I've used sqlite in ETL pipeline very successfully, as well as as a read-only caching. I just can't figure out how people use it as server without doing a whole bunch of hacks to deal with its limitations.

bob1029 · 2024-08-29T16:13:38 1724948018

> multiple processes

I would never try to have 2 different processes (such as a web server) talking to the same SQLite database. That is a recipe for performance disaster. All of the projects I build this way are single process designs. It is not really a good fit for legacy solutions.

If you absolutely require transactional integrity against the same datastore with multiple processes, you could consider selecting one process as the DB owner and then IPC/RPC the SQL commands from the other processes to that one. Named pipes (shared memory) are nearly free in many ecosystems. You will find tradeoffs with a proxied approach, such as all application defined functions need to be defined on the db owning process.

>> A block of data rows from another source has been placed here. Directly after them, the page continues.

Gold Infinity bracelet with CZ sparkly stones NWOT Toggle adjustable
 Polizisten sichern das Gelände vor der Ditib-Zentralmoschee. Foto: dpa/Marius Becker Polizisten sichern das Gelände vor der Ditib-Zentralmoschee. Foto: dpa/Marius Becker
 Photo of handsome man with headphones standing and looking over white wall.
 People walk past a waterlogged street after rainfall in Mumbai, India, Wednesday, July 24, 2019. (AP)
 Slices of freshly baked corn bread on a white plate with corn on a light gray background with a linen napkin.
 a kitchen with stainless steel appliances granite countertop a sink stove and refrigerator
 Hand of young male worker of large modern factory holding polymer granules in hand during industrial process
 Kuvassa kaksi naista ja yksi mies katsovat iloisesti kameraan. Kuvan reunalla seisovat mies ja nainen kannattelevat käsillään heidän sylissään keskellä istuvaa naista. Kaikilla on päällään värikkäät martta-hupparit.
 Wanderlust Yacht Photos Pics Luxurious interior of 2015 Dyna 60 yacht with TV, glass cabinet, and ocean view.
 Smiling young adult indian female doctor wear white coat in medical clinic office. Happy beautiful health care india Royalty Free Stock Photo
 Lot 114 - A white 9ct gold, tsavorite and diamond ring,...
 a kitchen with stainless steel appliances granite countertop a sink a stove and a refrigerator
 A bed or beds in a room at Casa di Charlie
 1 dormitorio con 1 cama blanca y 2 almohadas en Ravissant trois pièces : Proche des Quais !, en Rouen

> that it's not a replication strategy

Correct, but many scenarios can survive with 15-60 minutes (whatever the snapshot interval is) of data loss. The complexity trade off is often worth it if the business can tolerate. If you do require replication, then a 3rd party library or something application-level is what you need.

aynyc · 2024-08-29T23:38:48 1724974728

I think my point is still valid. How are people using sqlite3 in server context? Single process in modern webapp and 15-60 minutes of data loss might be acceptable but why? To save yourself a postgresql install which can be on the same server?

I feel like I missed something here.